All leaders have a key person or key people to help and support them. Loyal and reliable aides are indispensible. The diary has to be managed and manipulated, briefing notes prepared, speeches written, paperwork processed, and visits organised. This all has to be done by a group the leader trusts. The sort of individuals a leader chooses to do these vital jobs reveals much about the leader. Political leaders, especially if they win high office, face such huge pressures and responsibilities that aides and assistants become more than simply organisers and processors, they often become second families. Just think of the recent great hoo-hah around the role of Theresa May’s former top aides, Fiona Hill and Nick Timothy, and you see how important these sorts of characters are.
Alyssa Mastromonaco served as Barack Obama’s White House Deputy Chief of Staff. In Who Thought This Was a Good Idea? she gives us an insight into what working in the White House is really like. It is fascinating because it is the White House, of course. It is the centre of American and world politics, home and headquarters of the most powerful political leader on the planet. What is also revealed in this light and often humorous memoir is that the White House, like all places of work, is full of ordinary people trying to do their best for their boss, often working in difficult and highly pressurised circumstances. The Boss being the President of the United States also means his team’s work is always done in the full glare of public scrutiny.

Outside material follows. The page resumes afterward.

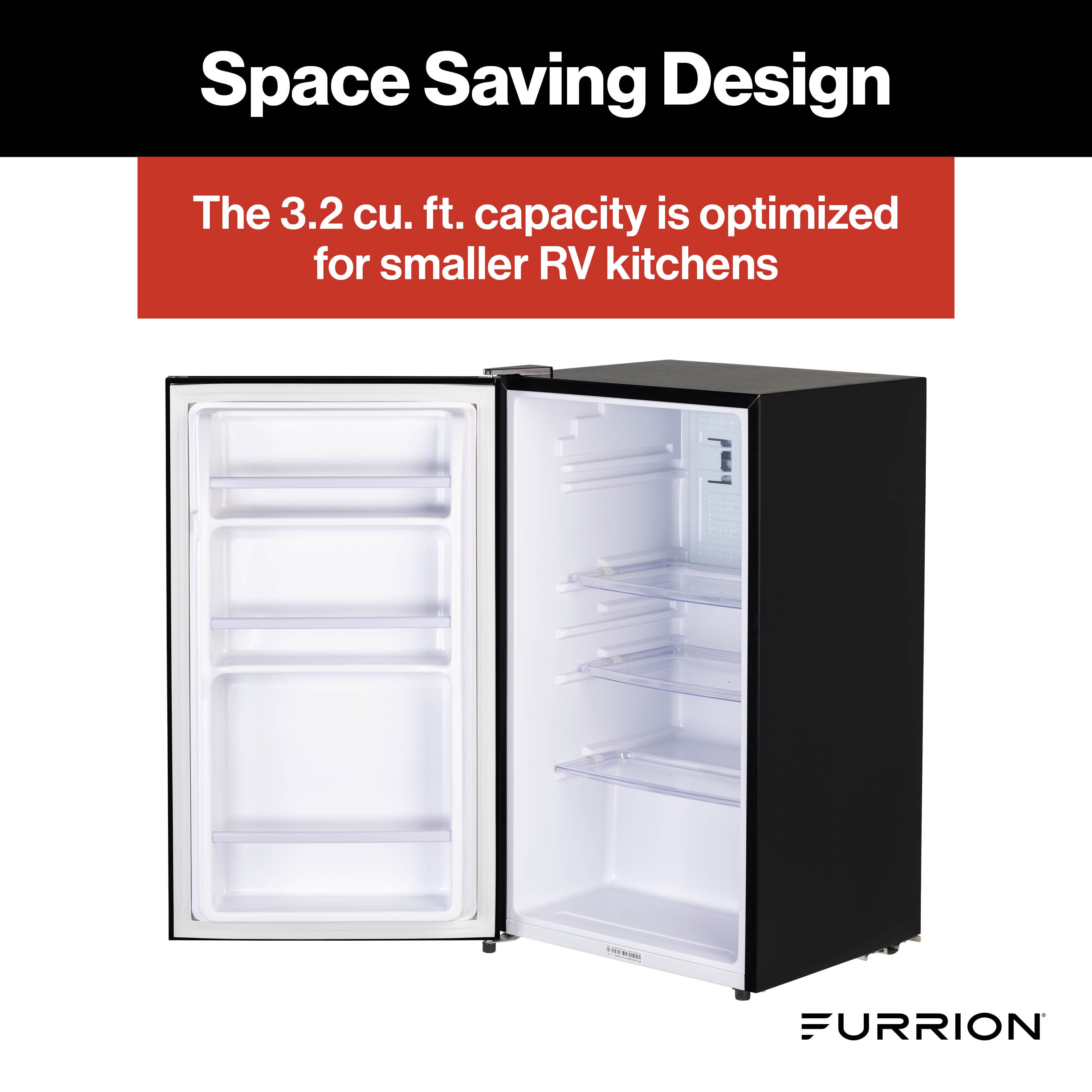 Furrion RV Refrigerator - 110V, 3.2 cu. ft., Black Glass Finish 3-2-CF-110V-REFRIGERATOR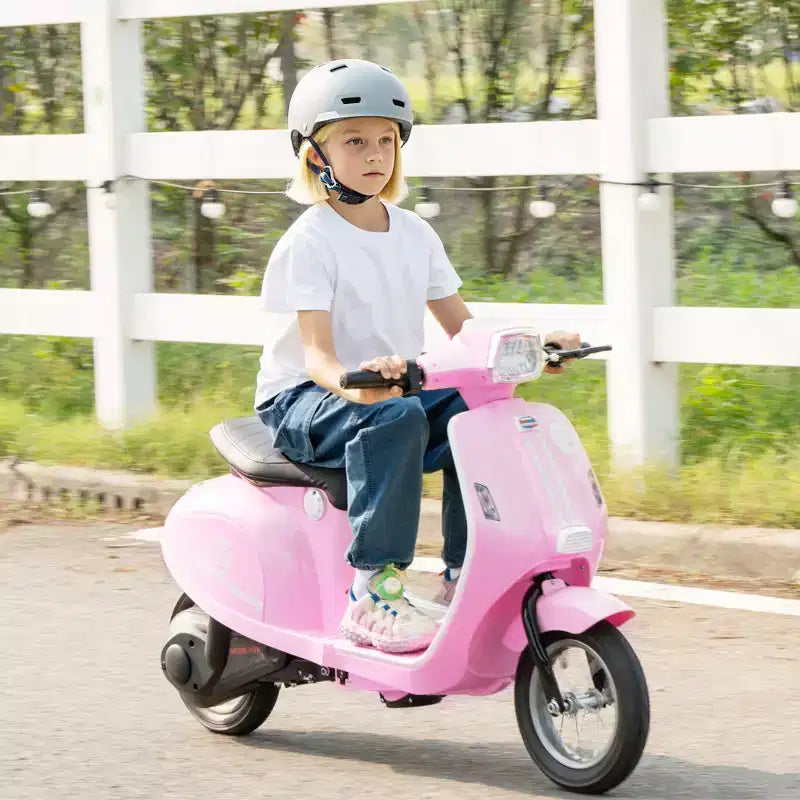 Qaba Kids Motorcycle, 24V Electric Motorcycle with Rear Suspension, LED Lights, Ride On Toy with 3-Speed Control for 8-12 Years Boys and Girls, Pink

Mastromonaco’s account is more than just a look behind the scenes at the White House, however, because she worked for him long before he became President. Her story gives an insight into how Barak Obama began his run for the White House and how he conducted it. It is a fascinating story, written by someone who is clearly deeply fond of her boss – but it is none the worse for that. Even after eight years as President Barak Obama remains something of an enigma. “No drama Obama” was an approach he practised and a mantra David Cameron publicly subscribed to. For both men, fairly or not, it led them to them both being perceived to be too emotionally detached from what was going on around them.
There are great photographs by Pete Souza, the White House photographer during the Obama Presidency. He has produced some of the finest White House photography ever delivered and this book is graced by many of his pictures.
I served for a period as an aide to a leader of a British political party and so have some insight into what it takes to keep the show of a political leader on the road. This is a superb inside account of how someone made it to the centre of global politics and what happened when they did.
Who Thought This Was a Good Idea? – And other questions you should have answers to when you work in the White House. By Alyssa Mastromonaco. Published by Twelve. Hardback £20.99.